General Peter Pace shakes hands with students after class
(Photo by SSgt D. Myles Cullen, USAF)
 

RESEARCH REVIEW: Does Leadership Behavior in Teams Matter? 

By Mark Hanna 

Yogi Berra, the fabled manager of the New York Yankees and the New York Mets, once said, “The other teams could make trouble for us if they win.” If Yogi’s wisdom is valid, a reasonable next question is: What makes a team win, or at least function well?   

Leadership researchers could refine the problem further by asking: Do leadership behaviors contribute to functional team outcomes, and if so, by how much? These are some of the issues C. Shawn Burke of the University of Central Florida and others explored in a June, 2006, Leadership Quarterly article titled, “What type of leadership behaviors are functional in teams? A meta-analysis.” By statistically analyzing fifty empirical studies on leadership behavior in team situations, the study yielded insights beyond what could be achieved with any single study.  

Leadership behavior and outcome variables 

The researchers first had to specify what was meant by “functional team outcomes” and “leadership behaviors.” For outcome variables, they looked at perceived team effectiveness, team productivity, and team learning. For input variables, they specified leadership behaviors in terms of “task-focused” behaviors and “person-focused” behaviors. They also looked at a moderator variable of task interdependence, which could modify the relationship between the input leadership behaviors and functional team outcomes.  

The two input variables – along with their subgroup variables – and the moderator variable were defined as follows: 

Task-focused behaviors: 

o  Transactional: praising, rewarding, and withholding punishment from a subordinate who complies with role expectations;

o  Initiating structure: assigning tasks, specifying methods, and minimizing role ambiguity and conflict;

o  Boundary-spanning: collaborating with others outside the team, scanning the environment, and negotiating resources for the team; 

Person-focused behaviors: 

o  Transformational: providing followers with a sense of purpose and values, demonstrating concern for followers, providing intellectual stimulation, and articulating a inspirational vision along with a displayed optimism that the vision will be achieved;

o  Consideration: maintaining close social relationships and group cohesion;

o  Empowerment: coaching, monitoring, providing feedback to followers in a participative, consultative style to develop their self-management and self-leadership skills;

o  Motivation: promoting team members exerting continued effort, especially in times of difficulty; 

Moderator variable:  

o  Task interdependence: the degree to which team members must depend on one another to perform tasks and achieve goals. 

Method 

The authors conducted electronic searches of computerized databases using keywords relating to team leadership or group leadership going back as far as 1900 and including up to August, 2004. After applying various criteria for relevance, they identified 231 published and unpublished studies for potential inclusion in the meta-analysis.  

The authors then developed a coding scheme to quantify the study characteristics and results.

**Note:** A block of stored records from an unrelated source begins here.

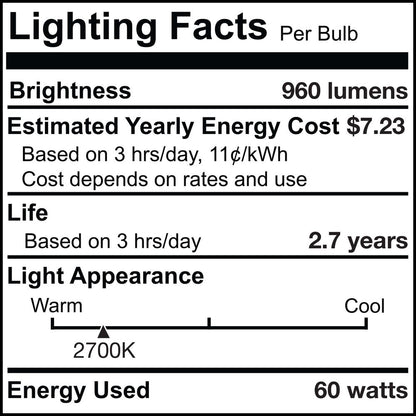BULBRITE KRYPTON/XENON T3 CANDELABRA SCREW (E12) 60W DIMMABLE LIGHT BULB 2700K/WARM WHITE 2PK (473061)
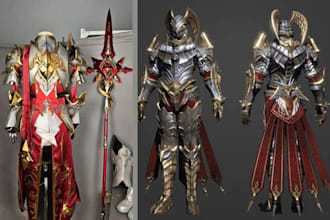 do 3d cosplay creation model wearable full knight armor 3d mask halloween helmet
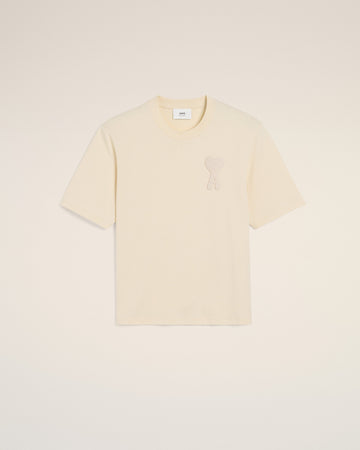 Beige Cotton Ami de Coeur Patch T-Shirt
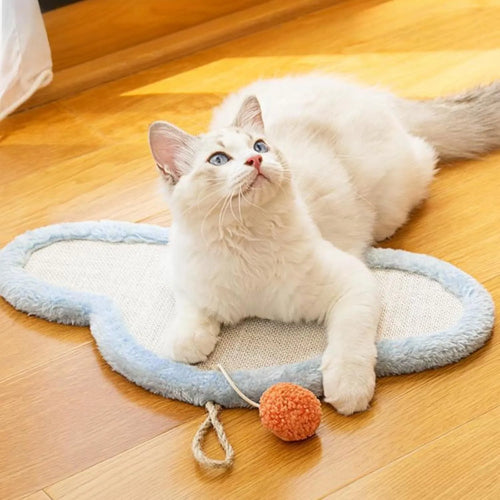 White cat scratching mat with sleeping cat cartoon design made from natural sisal fibres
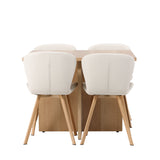 Jídelní stůl Leo 100*75 - Oaklook / Oaklook MDF + Jídelní židle Lilja - Oaklook / Béžová látka _4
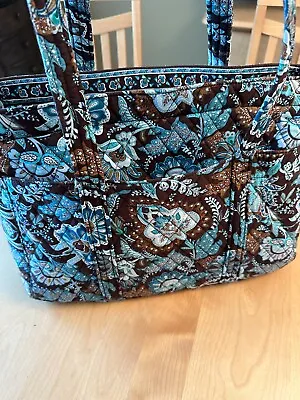 Vera Bradley Java Blue Floral Zip Closure Large Tote Retired 16 X 11 X 6 • $49.99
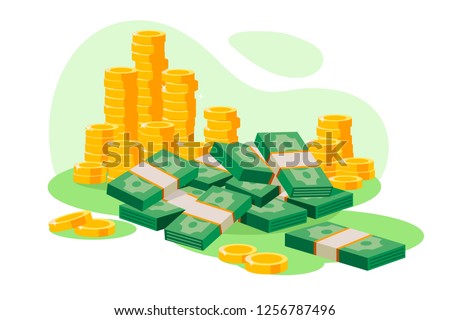 Isometric 3d golden coins, cash, wads of money. Concept bank storage, saving a lot of currency. Low poly. Vector illustration.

Two industrial/organizational psychologists with high inter-rater reliability were used to rate the studies, and any disagreements about whether to include a study were resolved by consensus.

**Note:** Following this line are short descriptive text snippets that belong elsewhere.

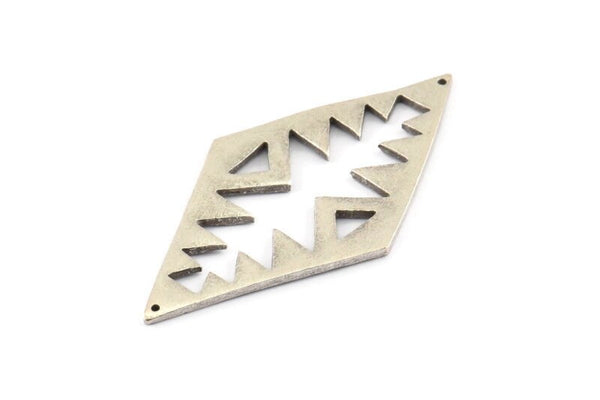 Silver Charm, Antique Silver Plated Brass, Silver Diamonds, Silver Connectors, Silver Charms (51x25x1.2mm) U070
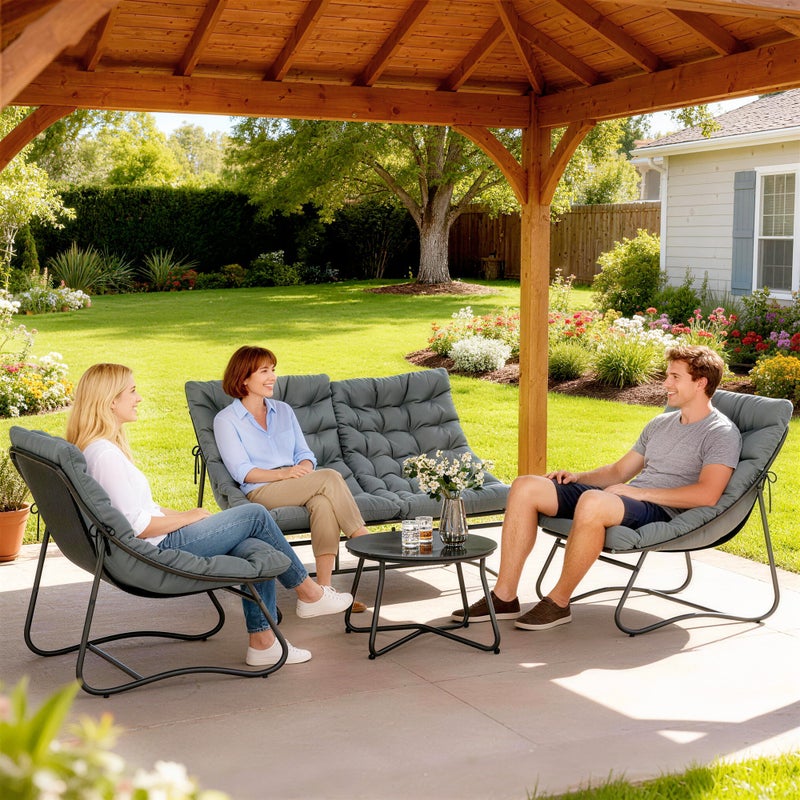 Zestaw mebli ogrodowych na 4 osoby, 2 krzesła, 1 podwójna sofa, 1 stół, grube poduszki, stalowa rama, na taras, szary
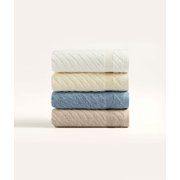 Koza Home Likya 100% Cotton Jacquard Border Cross Striped 4-Piece Face Dowry Towel Set 1012A Standard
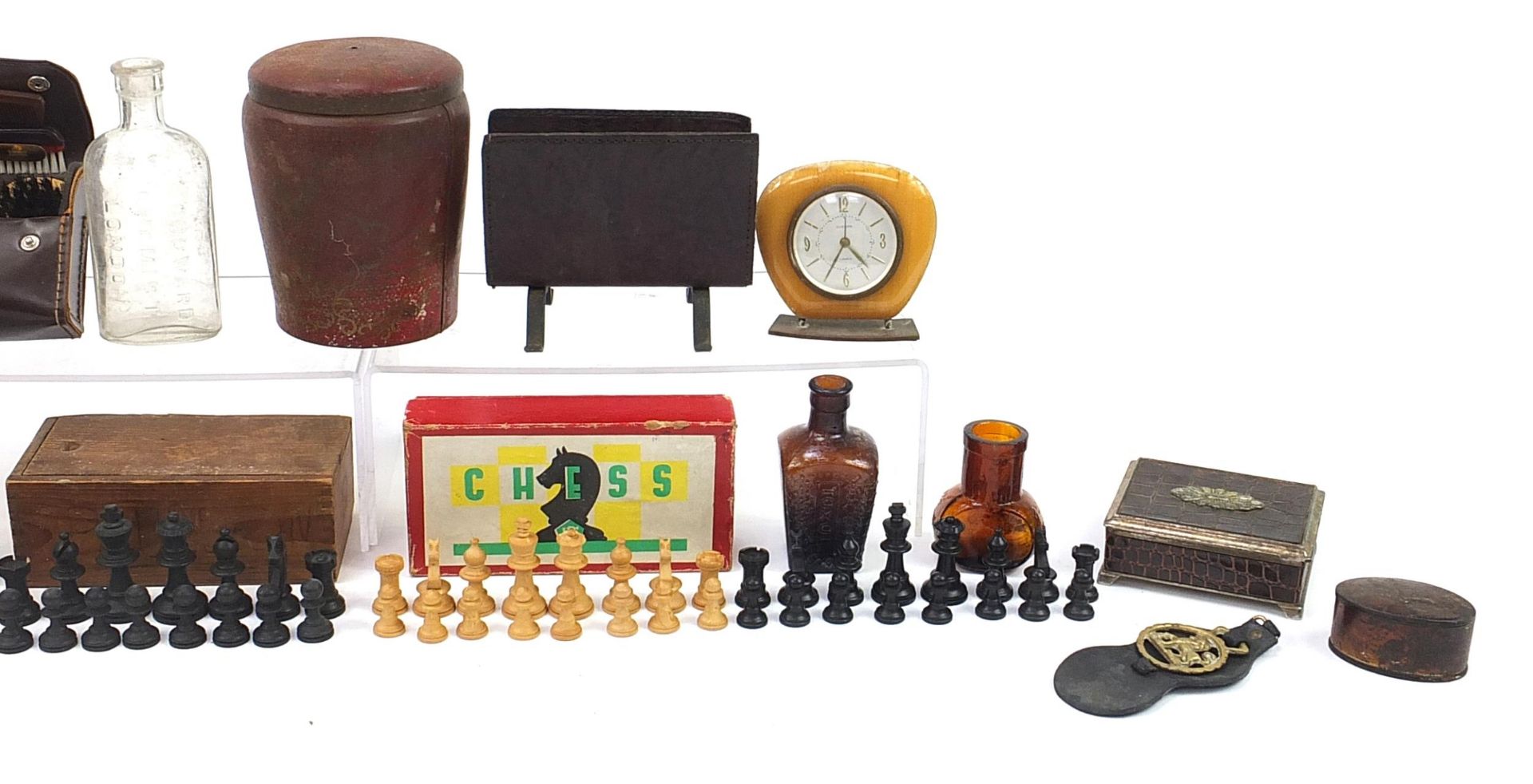 Sundry items including wooden chess sets, Huntley & Palmers biscuit tin and antique glass - Image 3 of 3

After all the coding and selection criteria were applied, the authors came up with a final data set of 50 empirical studies with 113 different effect sizes. The pooling and analysis of the study findings was aided by the computer program Comprehensive Meta-Analysis. In order to aggregate findings across all 50 studies, all test statistics were converted to an index of effect size, which is designated with the letter “r.”   

Results 

Does leadership behavior in teams matter? Results suggest the use of task-focused behaviors is moderately related to perceived team effectiveness (r = .333) and team productivity (r = .203), accounting for 11 percent and 4 percent of outcome variance, respectively. The relationship between task-focused behavior and team learning could not be determined because the sample size was too small. Person-focused behaviors were related to perceived team effectiveness (r = .360), team productivity (r = .284) and especially team learning (r = .560), accounting for 13 percent, 8 percent, and a whopping 31 percent of variance, respectively. All of these results were statistically significant at the p<.001 level, which means the chances of getting a test statistic as extreme as or more extreme than that observed by chance alone, if the null hypothesis H0 is true, was less than 1 in 1,000. 

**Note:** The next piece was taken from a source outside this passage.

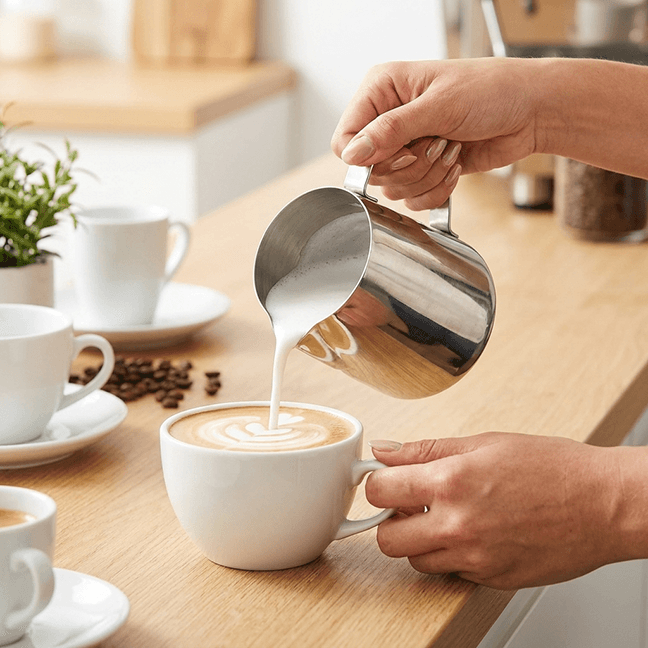 Fino 12 oz Stainless Steel Milk Frothing Pitcher for Coffee, Lattes & Tea view 3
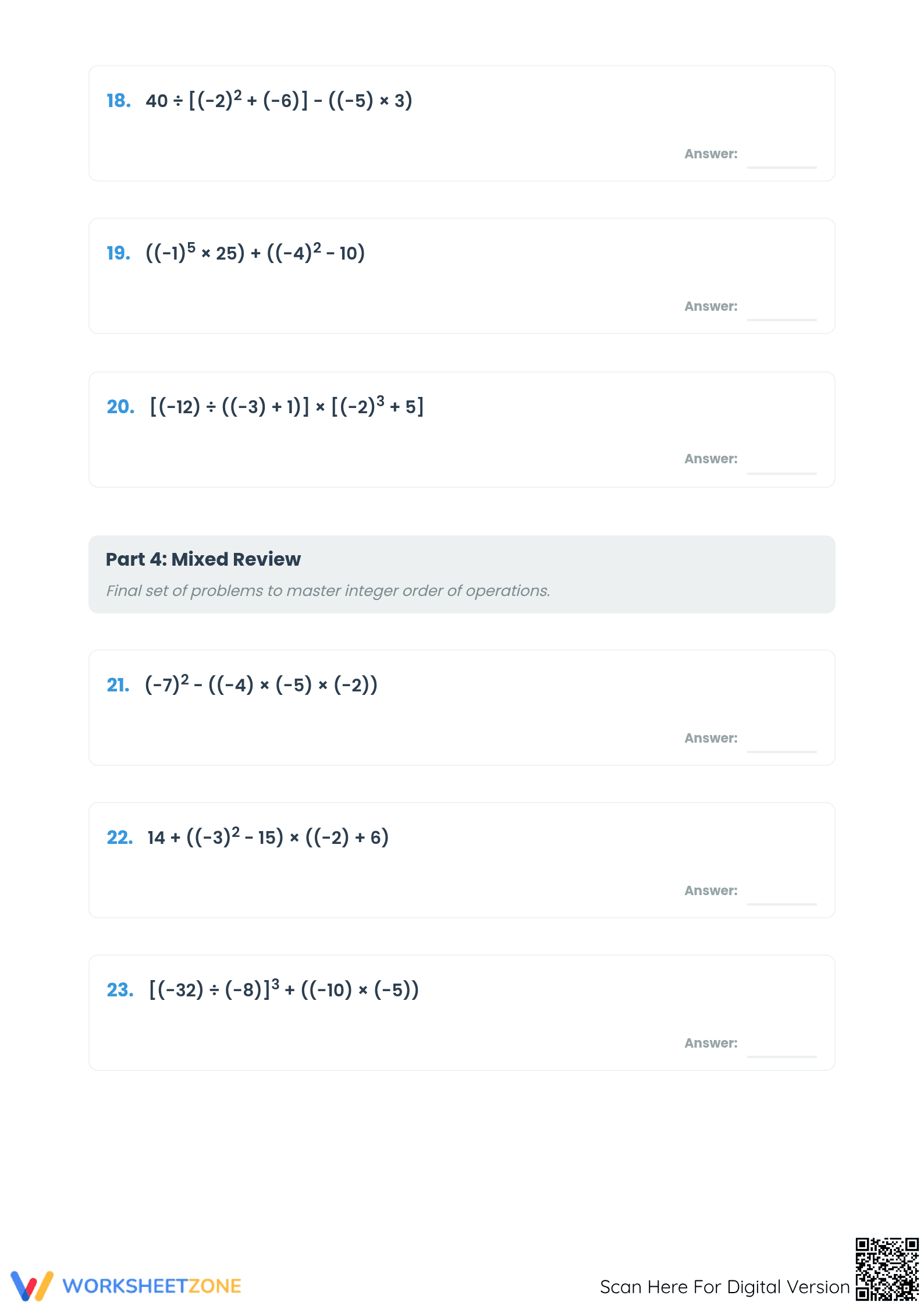 Essential Order of Operations Worksheet | Grade 6 Math - Page 4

As far as the subgroup variables were concerned, perceived team effectiveness was most closely linked to leadership boundary-spanning behavior (24 percent of outcome variance) and empowerment behavior (22 percent of outcome variance). Team productivity was most closely linked to leadership empowerment behavior (10 percent of outcome variance) and motivational behavior (9 percent of outcome variance). Team learning was most closely associated with person-focused leadership behavior (31 percent of outcome variance) and empowerment (31 percent of outcome variance). 

The results on task interdependence were less clear due to small sample sizes and effect sizes, but the authors suggest that:  

“Leadership in teams is relatively more important in achieving efficacious team performance outcomes when task interdependencies are higher. Therefore, as the dependencies between team members increase, so too apparently does the importance of leadership in orchestrating the adaptive coordination required to achieve effective team outcomes.” (p. 299) 

Final Observations 

The results of this meta-analysis show that leadership behaviors – both task and person-focused—do matter in team outcomes, though they tend to account for only a small-to-moderate portion of the variance. Nevertheless, every factor counts in the final outcome. The lessons for leadership educators and trainers interested in improving team performance outcomes are evident. For perceived team effectiveness, pay more attention to boundary-spanning and empowerment behaviors. For team productivity, emphasize empowerment and motivational behaviors. For team learning, emphasize person-focused behaviors, and especially empowerment behavior – coaching, monitoring, giving feedback, encouraging participation, and providing a strong sense of self-worth and self-efficacy. 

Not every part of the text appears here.